_ASSIGNED TASK:_ Without including any picture, transcribe the entries below word for word.

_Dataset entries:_
'''
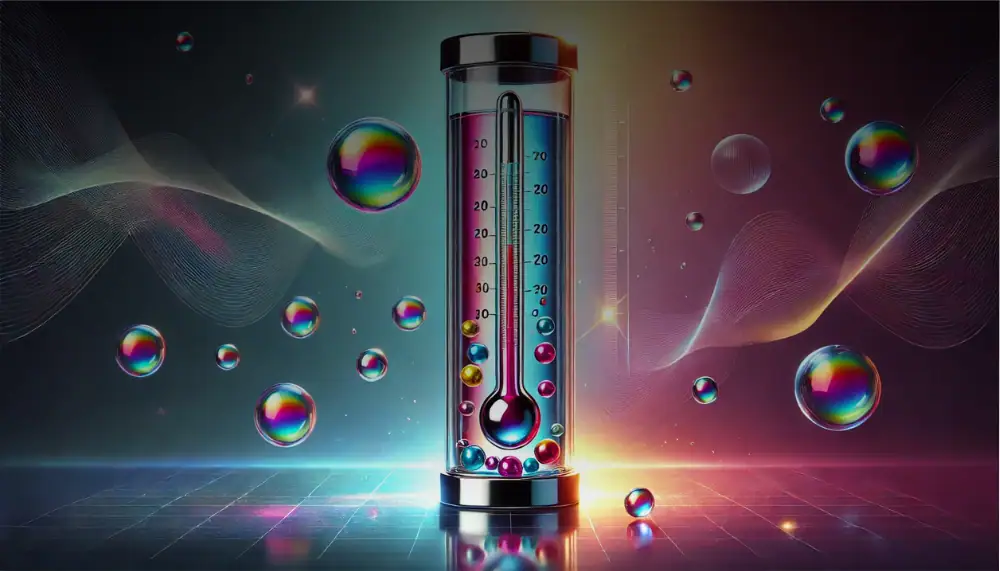 Termine di ricerca: Termometro scientifico con liquido colorato e sfondo futuristico con bolle di sapone.
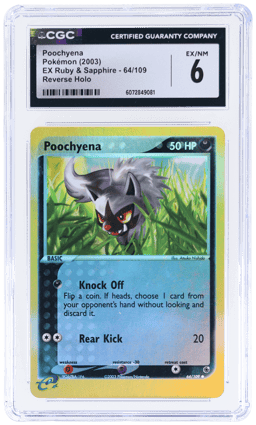 2003 Pokemon Ex Ruby and Sapphire Reverse Holo Poochyena #64 CGC 6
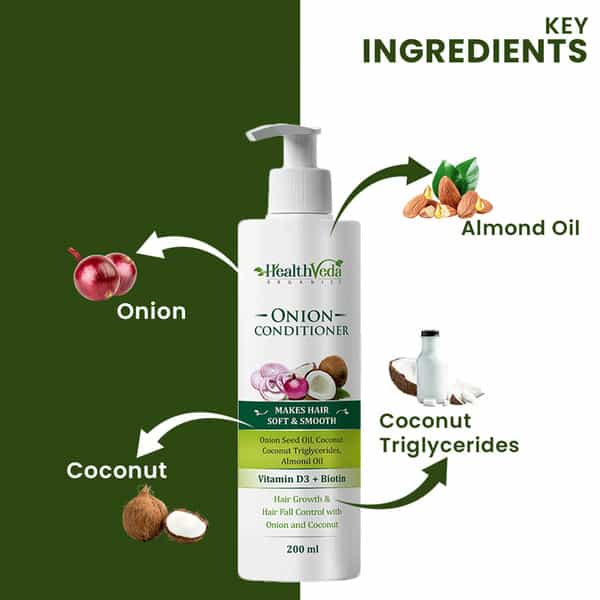 Health Veda Organics Onion Conditioner For Hair Growth & Hair Fall Control (200 Ml)
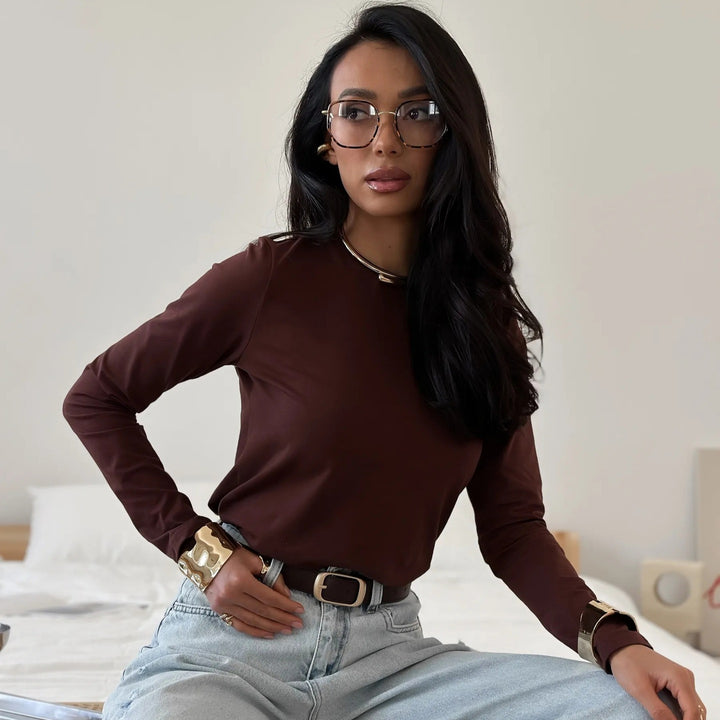 Damen Langarmshirt mit körperbetontem Schnitt und modischem Design Drune
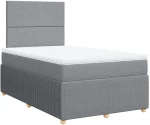 vidaXL Κρεβάτι Boxspring με Στρώμα Ανοιχτό Γκρι 120x190 εκ. Υφασμάτινο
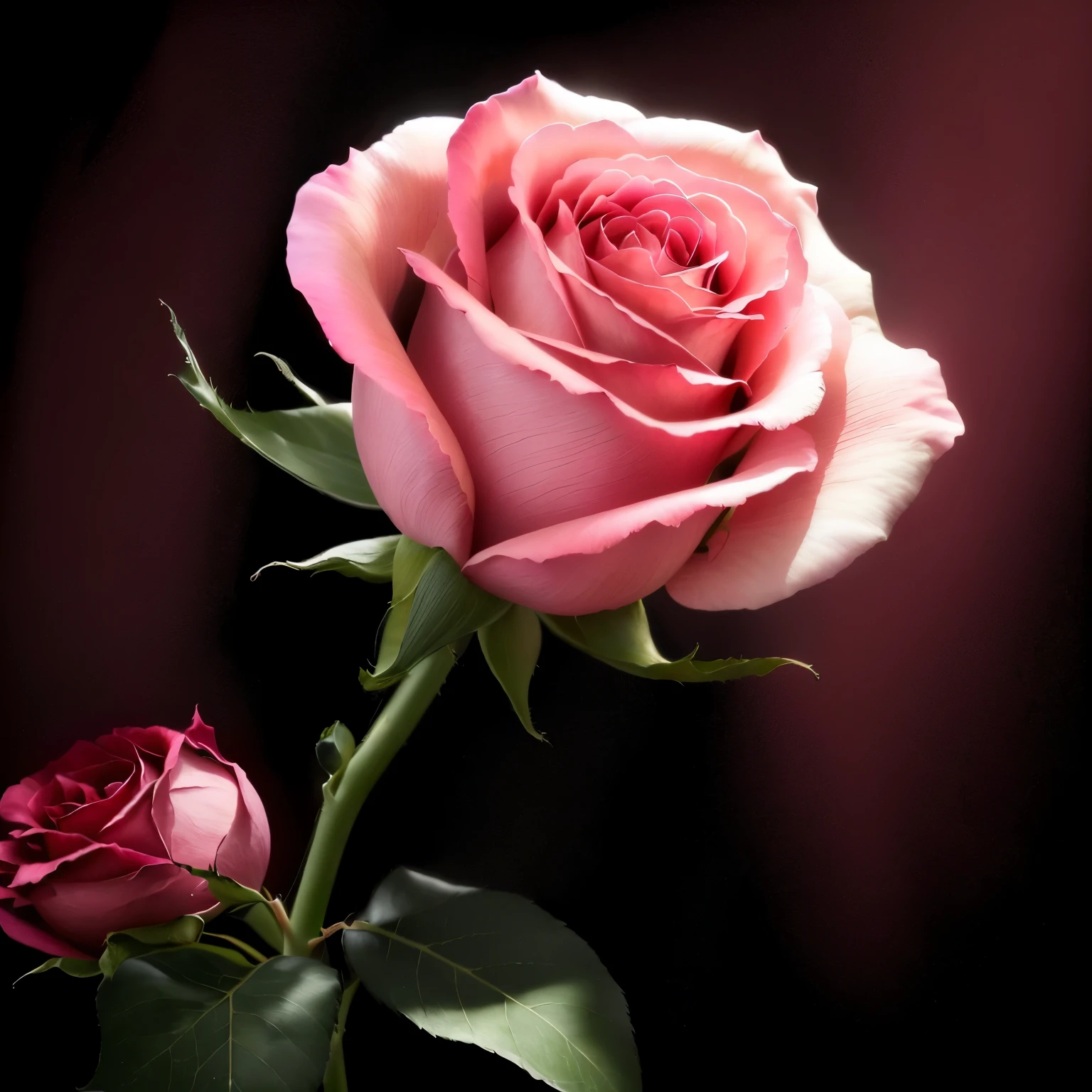 there is a pink rose that is on a stem with leaves, pink rose, photo of a rose, pink rosa, rose, rose background, natural point rose', on black background, on a black background, rose twining, beautiful photo, roses background, photo of a beautiful, stock photo, stock image, with a black background, red rose, pink flower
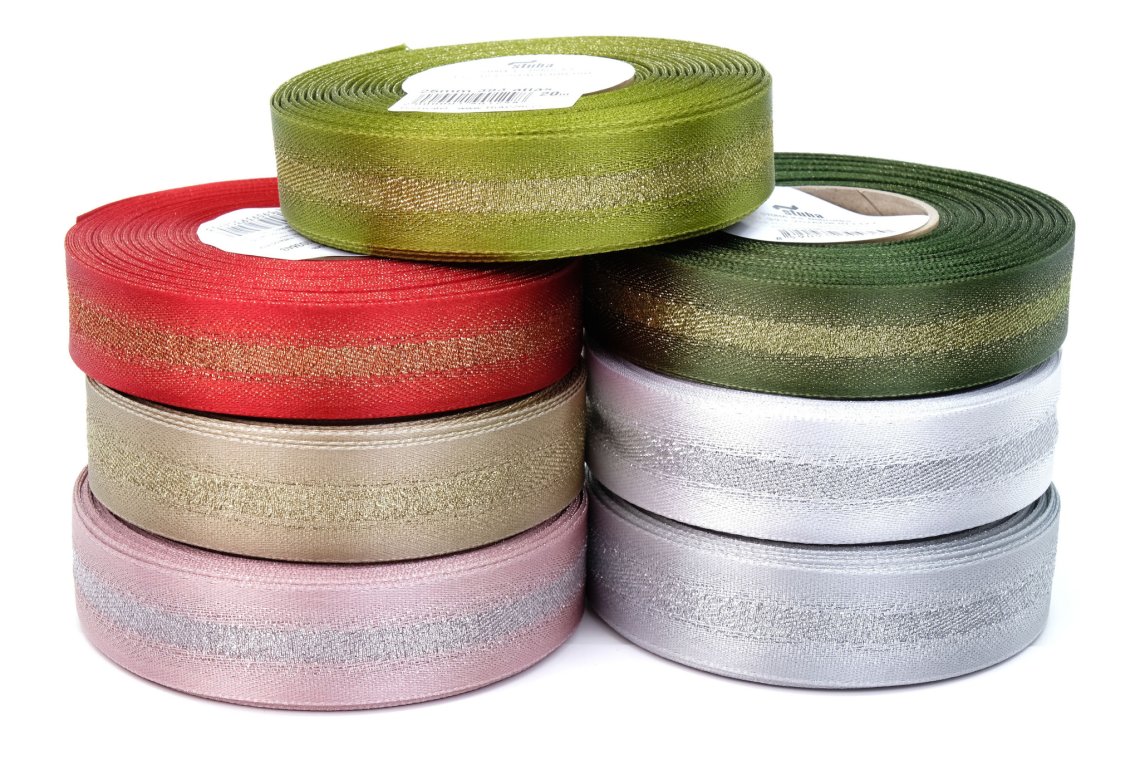 Stuha atlasová oboulící s metaloplastem 393i šíře 25mm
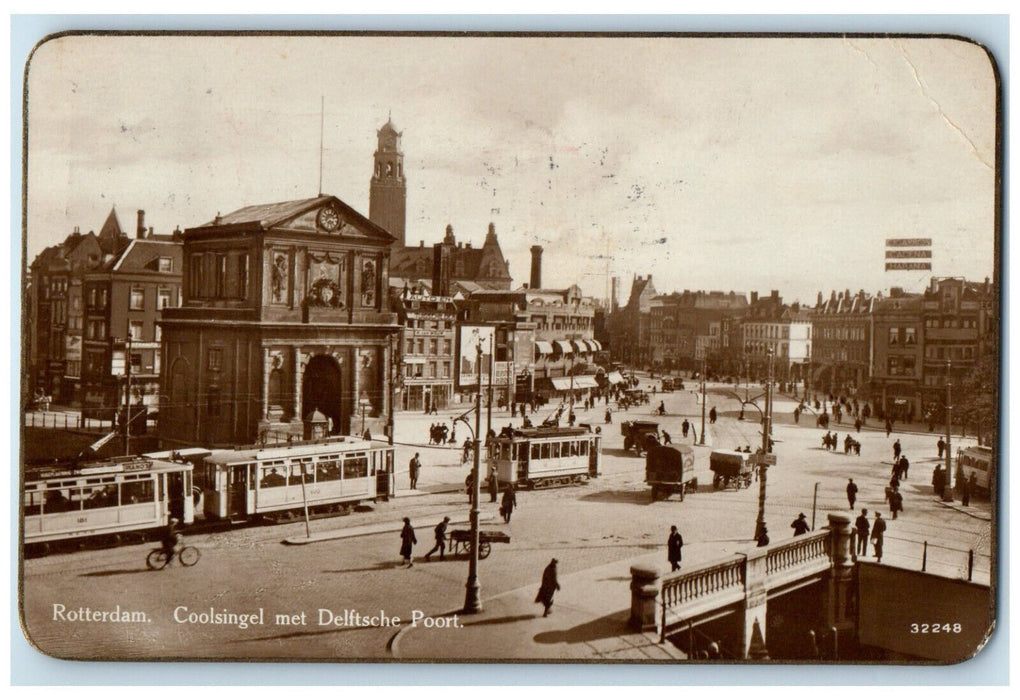 1927 Coolsingel With Delft Gate Rotterdam Netherlands RPPC Photo Postcard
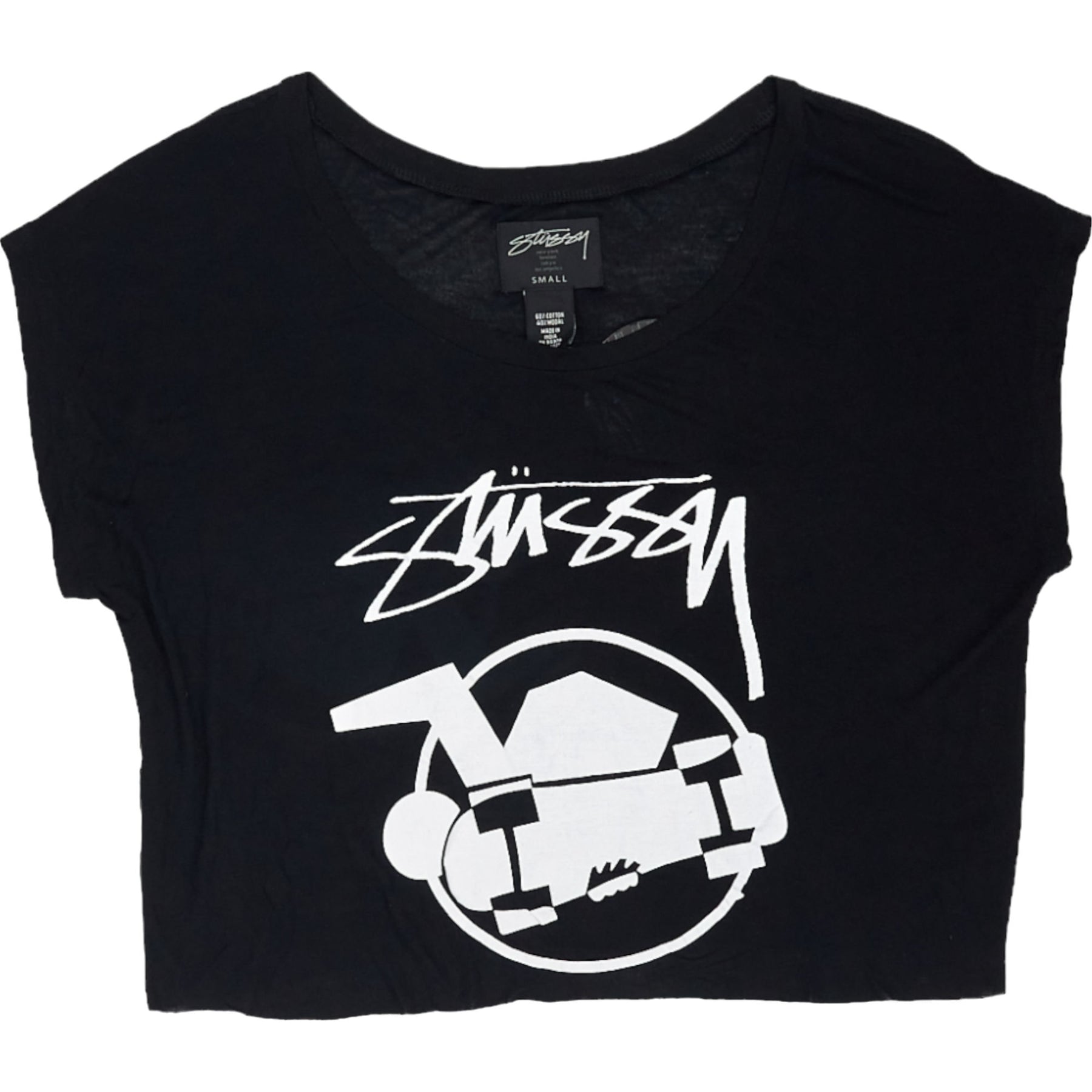 Stussy Black Baby Crop T-Shirt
'''
_TASK RESULT:_
 Termine di ricerca: Termometro scientifico con liquido colorato e sfondo futuristico con bolle di sapone.
 2003 Pokemon Ex Ruby and Sapphire Reverse Holo Poochyena #64 CGC 6
 Health Veda Organics Onion Conditioner For Hair Growth & Hair Fall Control (200 Ml)
 Damen Langarmshirt mit körperbetontem Schnitt und modischem Design Drune
 vidaXL Κρεβάτι Boxspring με Στρώμα Ανοιχτό Γκρι 120x190 εκ. Υφασμάτινο
 there is a pink rose that is on a stem with leaves, pink rose, photo of a rose, pink rosa, rose, rose background, natural point rose', on black background, on a black background, rose twining, beautiful photo, roses background, photo of a beautiful, stock photo, stock image, with a black background, red rose, pink flower
 Stuha atlasová oboulící s metaloplastem 393i šíře 25mm
 1927 Coolsingel With Delft Gate Rotterdam Netherlands RPPC Photo Postcard
 Stussy Black Baby Crop T-Shirt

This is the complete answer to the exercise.